In my last post, I talked about social media fails and how doing social “right” is about trial and error or learning through failure what works and what doesn’t. Of course no one wants to fail, but we all do. While I have certainly had my share of blunders, I’ve also been lucky enough to gain a few insights along the way. Last week I had the opportunity to talk to a local college that has just started offering a formal social media degree. I was encouraged by the progress the industry is making and thrilled to see so much interest from young students. In fact, if I were to have a conversation with a social media marketer who is just starting out, either in this major or as an entry-level professional, this is what I might say to them:

Dear Young Social Media Marketer,

Welcome to one of the most rewarding, yet strangely unsatisfying careers around—social media marketing. Your job can be intense, exciting, and even exhilarating, yet so much of what the industry might define as standard process is still to be determined. There’s an art to social media and it takes a certain amount of skill, dexterity, and let’s be honest, a little luck to get it right. Here are three things I know now that I wish someone had told me along the way.

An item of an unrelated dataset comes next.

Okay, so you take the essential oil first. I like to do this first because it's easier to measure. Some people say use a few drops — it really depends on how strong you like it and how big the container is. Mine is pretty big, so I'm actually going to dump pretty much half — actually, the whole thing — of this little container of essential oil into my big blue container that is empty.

No. 1: Resist the Urge to be Everywhere All the Time

Most businesses understand the need for an active social media presence, but with new platforms seemingly popping up every day and other “cutting edge” marketing tools on the rise, it’s a challenge just to stay current. However, don’t assume you need to be everywhere, now. The truth is it’s a better strategy to stick with the one or two platforms you’re confident in and master your approach before trying to juggle a few new ones. Why? It takes time to get a handle on not only your voice, but also your target audience and what it is they want to hear from you.

Each platform deserves its own time to prove value. Besides, in efforts to be everywhere, there’s a strong chance that you’ll do all the channels just okay, but none of them great. In other words, don’t make the mistake of trying to eat the whole elephant. Twitter boasts over 20 million active users, sending an estimated 500 million tweets per day; master that and you’ll make inroads faster than you think.

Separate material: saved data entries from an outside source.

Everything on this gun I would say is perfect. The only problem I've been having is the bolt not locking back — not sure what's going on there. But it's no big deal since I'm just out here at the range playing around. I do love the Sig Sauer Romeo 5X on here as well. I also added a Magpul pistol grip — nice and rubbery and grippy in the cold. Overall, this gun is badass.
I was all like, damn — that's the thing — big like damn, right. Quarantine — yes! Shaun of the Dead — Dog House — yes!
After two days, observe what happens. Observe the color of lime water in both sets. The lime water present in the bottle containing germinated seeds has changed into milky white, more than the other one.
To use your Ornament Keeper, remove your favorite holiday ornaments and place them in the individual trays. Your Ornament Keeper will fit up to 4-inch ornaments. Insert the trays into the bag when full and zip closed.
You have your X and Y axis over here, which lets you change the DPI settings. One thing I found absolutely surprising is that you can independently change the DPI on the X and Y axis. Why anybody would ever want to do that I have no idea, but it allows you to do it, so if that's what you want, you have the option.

No. 2: Be Social Network Agnostic

It’s easy to get lost in the excitement of watching a social media presence grow—it’s fun stuff. But keep in mind that success on each individual platform, while important, is not the end goal. Gaining Facebook followers or reaching more of your audience with tweets is good, but it does not automatically translate into increased revenue or lower costs. Try to look at your active channels and platforms as vehicles to help you get where you’re going instead of the end-all strategy themselves. After all, a healthy skepticism isn’t a bad thing and it can help you keep a better focus on where you’re headed and why.

No. 3: Have a Plan that Supports Your Business Outline

I can’t stress enough the importance of having a solid, workable plan in place that supports business objectives while pursuing a social media strategy. Surprisingly, the majority of social media strategists have no plan and no idea how to do what they’ve been asked to do. A concrete structure and strategy can help govern day-to-day activities, maximizing your investment, and more importantly, your time.

As most of us know by now, social involves more than engaging users with personalized content across their devices. It’s about building relationships with customers and the people you want to reach. For the young social media marketer, this is an exciting time with the chance to create real business impact—despite unknowns.


Cory, very good points and I think the last point is the most important. Planning is really important and before that setting a realistic goal is also required. Different website/companies depending on the niches use social media in different ways. So identifying the real audience, their pain points, needs and preferences are really crucial before starting a social media campaign. Catering the right content to right people at right time can be awesome. Planning is the most important. True and agreed. Additionally analytical skill is also required to gauge the effectiveness of a campaign depending on their goals and targets.